• AIM OF THE EXERCISE
Could each entry be returned exactly as it appears?

Records contained in a dataset

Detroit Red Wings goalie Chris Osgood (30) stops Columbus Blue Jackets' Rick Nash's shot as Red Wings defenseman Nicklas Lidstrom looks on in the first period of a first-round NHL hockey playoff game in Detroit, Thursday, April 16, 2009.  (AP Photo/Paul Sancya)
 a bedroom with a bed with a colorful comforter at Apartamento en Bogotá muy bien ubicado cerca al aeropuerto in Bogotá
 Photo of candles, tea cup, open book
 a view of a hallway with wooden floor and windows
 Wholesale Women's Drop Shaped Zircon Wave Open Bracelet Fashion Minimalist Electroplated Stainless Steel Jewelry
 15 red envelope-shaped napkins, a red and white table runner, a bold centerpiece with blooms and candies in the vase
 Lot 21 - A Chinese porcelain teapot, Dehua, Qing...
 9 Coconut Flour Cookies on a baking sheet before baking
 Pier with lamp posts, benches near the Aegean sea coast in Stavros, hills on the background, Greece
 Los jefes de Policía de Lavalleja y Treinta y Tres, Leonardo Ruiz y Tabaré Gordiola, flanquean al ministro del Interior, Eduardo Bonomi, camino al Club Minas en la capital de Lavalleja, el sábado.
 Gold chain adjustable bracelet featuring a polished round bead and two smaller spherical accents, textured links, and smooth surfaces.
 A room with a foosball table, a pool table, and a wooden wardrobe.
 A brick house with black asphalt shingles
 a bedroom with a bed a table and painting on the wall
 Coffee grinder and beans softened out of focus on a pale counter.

• TASK SOLUTION
Detroit Red Wings goalie Chris Osgood (30) stops Columbus Blue Jackets' Rick Nash's shot as Red Wings defenseman Nicklas Lidstrom looks on in the first period of a first-round NHL hockey playoff game in Detroit, Thursday, April 16, 2009.  (AP Photo/Paul Sancya)
 a bedroom with a bed with a colorful comforter at Apartamento en Bogotá muy bien ubicado cerca al aeropuerto in Bogotá
 Photo of candles, tea cup, open book
 a view of a hallway with wooden floor and windows
 Wholesale Women's Drop Shaped Zircon Wave Open Bracelet Fashion Minimalist Electroplated Stainless Steel Jewelry
 15 red envelope-shaped napkins, a red and white table runner, a bold centerpiece with blooms and candies in the vase
 Lot 21 - A Chinese porcelain teapot, Dehua, Qing...
 9 Coconut Flour Cookies on a baking sheet before baking
 Pier with lamp posts, benches near the Aegean sea coast in Stavros, hills on the background, Greece
 Los jefes de Policía de Lavalleja y Treinta y Tres, Leonardo Ruiz y Tabaré Gordiola, flanquean al ministro del Interior, Eduardo Bonomi, camino al Club Minas en la capital de Lavalleja, el sábado.
 Gold chain adjustable bracelet featuring a polished round bead and two smaller spherical accents, textured links, and smooth surfaces.
 A room with a foosball table, a pool table, and a wooden wardrobe.
 A brick house with black asphalt shingles
 a bedroom with a bed a table and painting on the wall
 Coffee grinder and beans softened out of focus on a pale counter.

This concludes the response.